Mediterranean Homesick Blues: eine Nacht in Dresden

Sunday, March 27, 2011

eine Nacht in Dresden

Standing at the station, waiting for a train, our itinerary expired. We had only been given directions up to this point. While there was an itinerary waiting for us at our destination, there was a fleeting moment where 53 students and staff were lined up and entering a world of unknowns. By way of a train.

One short train ride later, and we had entered the source of decades of stories that have surrounded my community, family, and life. The Jewish image of Germany as I had been taught ended in 1945; that is the story of the Jews of Germany ended, as well as the narrative of Germany.
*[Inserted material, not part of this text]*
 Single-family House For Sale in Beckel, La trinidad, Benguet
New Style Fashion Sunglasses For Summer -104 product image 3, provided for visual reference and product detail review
Few events were relevant enough to bring Germany back into the Jewish history books, such as Munich. What Germany is today, most American Jews don't know or care to find out.
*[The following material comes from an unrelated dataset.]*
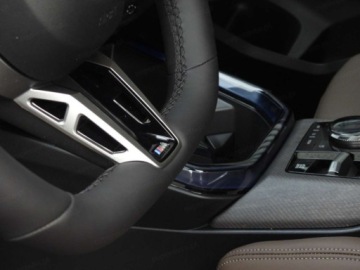 BMW X3 G45 SUV Plug-In 2.0 30e 299KM 2025 BMW X3 xDrive30e Sport Suv 2.0 (299KM) 2025, zdjęcie 9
My only visit to Germany up to this point had occurred during a flight and layover on my birthday, on the way to Morocco. I was pleasantly surprised by the generousness of the flight crew. We lit candles for Hanukkah in the smoking zone. That was it and clearly, that was not a very educational visit.

It was time to take the Germany that American Jews have been taught to boycott, to never forgive or forget, and to match that up face to face with the real Germany, as it is now.

We arrived in Dresden and were met by a staff of three 20 year-olds, part of a special program for American Jews called Germany Close Up. Together, they would introduce us to Dresden and Berlin, the present, as well as the past. What made this program special was that while it is for Jews, and there is a careful awareness of religious observation, it is not, as far as I'm concerned, a Jewish program.

Our time is Dresden was limited and we were waking up early tomorrow to ride to Berlin, but we took off soon after landing in the hotel for a tour of the city. I knew little about Dresden, and judging by the spontaneous recall of Slaughterhouse Five, I was really uninformed. All I knew was that the Americans firebombed the whole city in World War II. I was expecting to be shown significant places that had since been reconstructed. So when we passed by a monument with a menorah on it and arrived first at a Synagogue, I was pretty surprised. This place, the "Semper Synagogue," built by a famous German architect named Gottfried Semper (who has a statue nearby), was a century old before it was destroyed on Kristalnacht, or "the Night of Broken Glass." As our tour guide explained that the Jewish population of 5,000 was reduced to 100 during the War, she used the word שואה, Shoah, a Hebrew word meaning calamity, destruction, or annihilation, now used to define the Holocaust.

Wait.

A German tour guide is using Hebrew words to describe the Holocaust? What is this place? What has it become? And just how do Germans think about what happened here?

Pictures of Dresden


She went on to discuss the modern Jewish community in Dresden. Approximately 600 Jews, mostly Russian, have rebuilt the Synagogue. The architecture was done so as to twist the building and orient it to the east. It's now known as the New Synagogue, and next to it is the Jewish Community Center, and Cafe Schoschana.

We continued our walk around the city and the guide painted a picture of what Dresden used to look like, occasionally sharing pictures of buildings before the firebombing and comparing them to today's form. Dresden was the capital of Saxony, what is now a German state. We passed Churches that resembled Catholic cathedrals but were really Protestant, as well as the longest ceramic mural in the world, conveying the monarchical line of Saxony through the centuries.

The history lesson I never received was brief: the British attacked the city center on February 15th, 1945, and the U.S. came and bombed what was left. Dresden was targeted because it was one of the few German cities left untouched. The British were retaliating after the Germans bombed London. The citizens of Dresden were hopeful their city would survive because it was an art city, and the war was almost over, but on the night of the attack, 25-30,000 people died.

At one point on the walk, a student came up to the tour guide and apologized for the U.S. bombing of Dresden. She replied that it was Hitler's fault, not ours.

That night I enjoyed a nice dinner in a vegetarian (meaning that there was meat) restaurant, complete with a two page menu of hot chocolate and drinking chocolate! Some way to wrap up a day that began in Prague.

Willkommen in Deutschland. Tomorrow, me meet the Berliners.